Sydpolarfarer
Chauncey Loomis
- The Norwegian with Scott: Tryggve Gran’s Antarctic Diary 1910-1913 edited by Geoffrey Hattersley-Smith, translated by Ellen Johanne McGhie
HMSO, 258 pp, £9.95, September 1984, ISBN 0 11 290382 7
Most of Tryggve Gran’s Antarctic diary is dull reading, but the fault is not altogether Gran’s. An airline pilot once said that flying is months of sheer boredom, moments of sheer terror, and the same can be said of expeditions. Much time on expeditions is spent waiting: waiting for the weather to change, for the expedition leader to make up his mind, for the other party to arrive, for supplies, for the ship, the airplane or the helicopter; when it isn’t waiting, it’s plodding, climbing, sailing or paddling in great discomfort, often with all sense of purpose gone. At one point in his diary Gran remarks: ‘It is difficult to keep a diary.

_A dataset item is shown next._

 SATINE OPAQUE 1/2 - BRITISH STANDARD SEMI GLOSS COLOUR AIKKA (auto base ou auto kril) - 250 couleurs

This life is of little interest; one day is just as monotonous as the next.’ He did have moments of terror, however, and after falling through ice into the waters of McMurdo Sound, he exclaims almost with relief: ‘There is something to write about for once!’ Indeed he does write effectively about crises, but he had neither the verbal craftsmanship nor the quick sensibility necessary to transform the stuff of tedium into something interesting.